La camera ottica 1/3
- angelolanzetta
- 22 lug 2019
- Tempo di lettura: 3 min
parte 1 di 3
Il secolo concluso ha calpestato il paesaggio, fino ad alterarne il significato; la relazione che prima c 'era fra spazio costruito e spazio naturale si è trasformata in un semplice processo di agglomerazione sistematica dei vuoti lasciati dal non-costruito . Così come senza campagna non c'è città, senza un progetto ben definito e strutturato non ci può essere futuro.
Nella foga dell'ottimizzazione delle risorse e del tempo, il famoso detto "massimo profitto con il minor sforzo" , è divenuto una sorta di inno alla vita; quei piani di assetto a lungo termine, che equilibravano e strutturavano la crescita delle città, ormai sono del tutto crollati. Le nuove tecnologie impongono alla società la logica del "tempo reale" e l'orizzonte del breve termine.
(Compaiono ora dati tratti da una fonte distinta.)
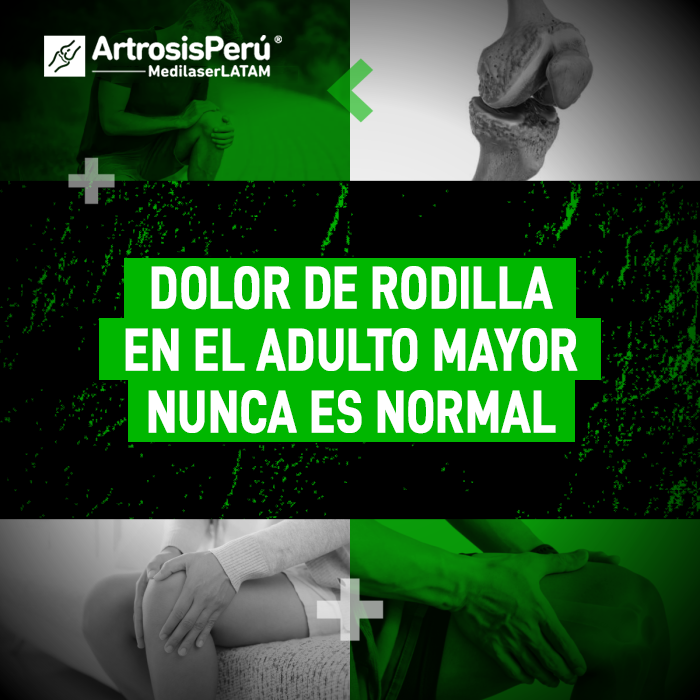 Dolor de rodilla en el adulto mayor: por qué no debe aceptarse como parte de la edad y cómo la cirugía láser detiene el desgaste.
Non esiste più un ultimo orizzonte in senso leopardiano, ma solo un ultimo orizzonte da raggiungersi nel minor tempo possibile, poiché la concorrenza e lo sviluppo di nuove metodologie costruttive hanno attuato questa frenetica corsa al "migliore" e "economico ".
Leopardi guardava oltre la siepe in cerca di un orizzonte da raggiungere; la sua catarsi interiore si attuava attraverso un raggiungimento dell'infinito che si esplicava però dopo la presa di possesso del proprio essere finito, punto di partenza della propria esistenza ed esperienza, sociale e interiore. Attraverso l'immaginazione e la propria predisposizione, egli giunge dalla finitudine della siepe solitaria sul colle all'immensità di quel ultimo orizzonte tanto agognato quanto desiderato. Così la precarietà dell'uomo era vista come un punto di partenza per il raggiungimento di quel senso di infinito che riempie l animo umano, saziandone l attitudine al nuovo e all'inatteso . La fine o la morte era visto non come un elemento mentale occlusivo, ma come una presa di coscienza di quel carpe diem che attuato in senso consapevole e giusto avrebbe portato a un profondo risvolto interiore. Così, seppur veniva a far parte dell'essere umano quel senso di impotenza di fronte all'infinito intangibile, tale sentimento di tristezza diveniva elemento catartico dell'esistenza umana, tale che, utilizzando le sue stesse parole, il poeta di Recanati affermava che "naufragar m è dolce in questo mare" .
Ai giorni nostri questa attitudine, o meglio volontà di estensione verso l'infinito parte dal presupposto della caducità della vita umana; il bisogno di un termine compatibile con la nostra esistenza si è fatto sempre più presente nella nostra vita. Così è cambiata anche la misura del tempo e la sua concezione sociale; le ere e i secoli calcolati dagli antichi egizi, le costellazioni che avrebbero guidato la vita sociale e politica degli antichi Maya, si sono trasformate e ridotte in giorni lavorativi, ore di occupazione, minuti di pausa. L'orizzonte umano ha trovato una nuova misura del tempo, adatta alla propria esistenza di singolo individuo di questo mondo. Questa metamorfosi sensoriale del tempo fa ormai parte della nostra vita e delle nostre città; essa equilibra e governa lo sviluppo territoriale e sociale, conferendone pregi e difetti conseguenti alla propria giusta o non funzionalità.
Il secolo trascorso ha soprattutto sottratto spazio ai nostri territori, affidando al nuovo secolo il dilemma della finitudine dello sguardo dell'uomo; come lo spazio e l'estensione esistenziale umana è finita, così anche lo spazio sta riducendosi costantemente nel tempo. L'orizzonte si è sempre più accorciato, seppur paradossalmente la vita dell'uomo si è allungata notevolmente. Ciò denota che non è una questione di valori o bisogni e necessità, ma semplicemente una questione di traduzione e applicazione di nuovi concetti nella vita moderna; nel passato una battaglia non era vinta per la quantità di uomini che un esercito possedeva, bensì per la qualità dei soldati e soprattutto per l'organizzazione generale dell'intera truppa.
Dunque qualità, e non quantità; ma uno spazio vasto da occupare e un ristretto tempo da utilizzarsi rendono questi equilibri ribaltati secondo una normale presa di posizione moderna.